As mentioned, only 23 percent of the households in our sample were visited by extension agents;

however, those that were called upon were more likely to use fertilizer and hire workers. This finding is

consistent with results reported in Kijima (forthcoming) for rice production in Uganda. The household head’s

gender mattered for fertilizer use, with women significantly less likely to use fertilizer than men. In contrast,

a farmer’s gender did not appear to affect worker hires.

Productivity

The estimated yield equation includes five inputs, land, chemical fertilizer, manure, household labor, and

hired labor. It also includes additional variables related to risk management, farmer characteristics and

weather outcome. The equation’s parameters were estimated using a fixed-effect OLS regression and also

using an instrumental variables (IV) regression with fixed effects. As mentioned, predicted values from the

fertilizer and hired-labor tobit regressions reported in Table 2 were used as instruments in the IV regression.

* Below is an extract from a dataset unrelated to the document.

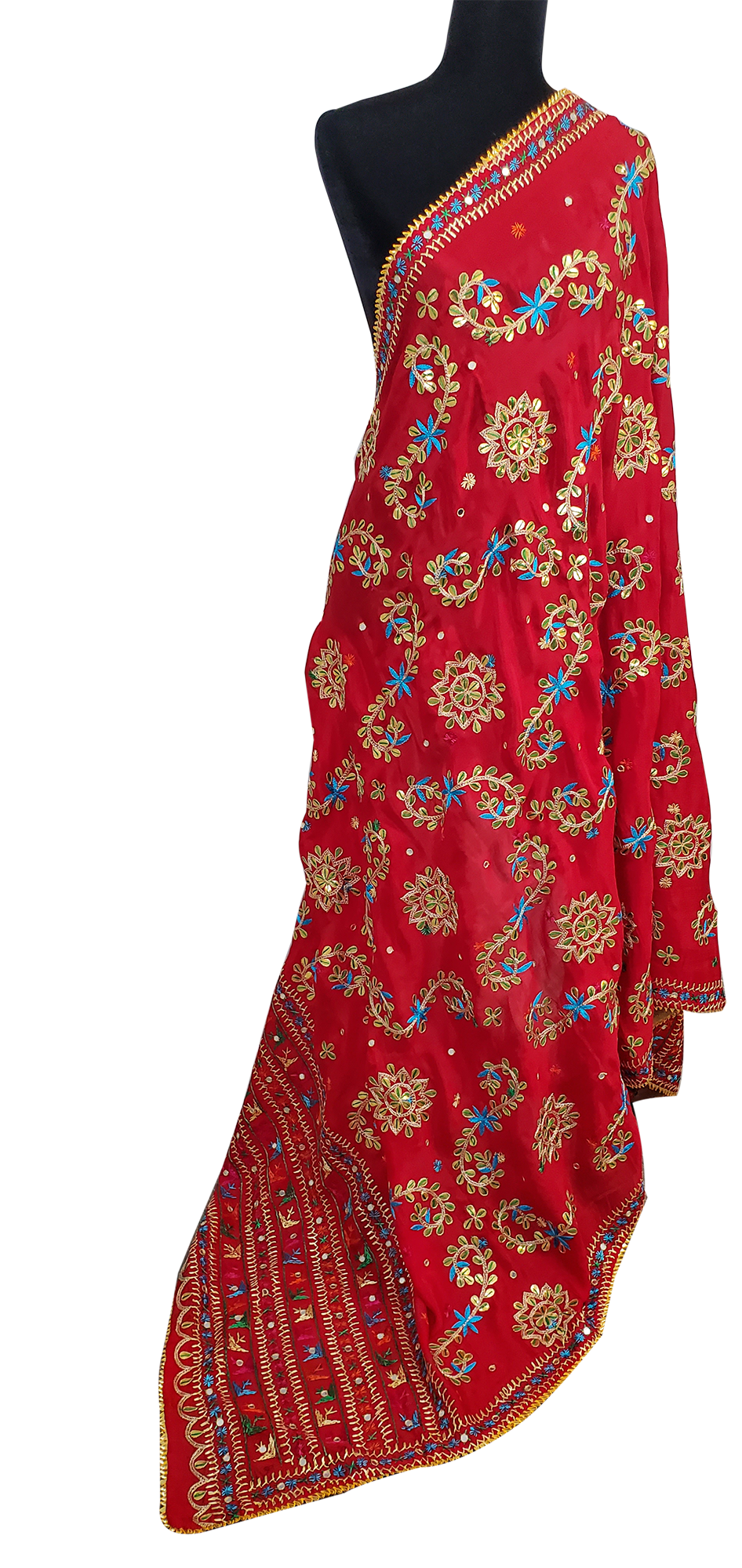 Red Pure Chinon Duppatta Silk, Gotta Patti, Thread Work Done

Before proceeding to a discussion of those results, it is worth explaining why the remaining inputs were not

instrumented.4

Maize area: As has become standard practice, the decision about how much area to plant to maize is

treated as non-contemporaneous and therefore predetermined in the regression.5 The notion here is that

cropping decisions are made ahead of choices about inputs. Manure is treated as an exogenous household

resource, since it is seldom traded. As a consequence, the availability and use of manure depends on a priori

decisions about whether or not to include livestock on the farm. In this sense, manure applications are

predetermined in a way similar to area planted to maize. Household labor: Our survey data on the number

4 We also estimated a version of the model that included self-reported use of “improved seeds” as an input. Including the variable had no significant consequences for our analysis; however, we report the results in Annex Table 2 and Annex Table 3.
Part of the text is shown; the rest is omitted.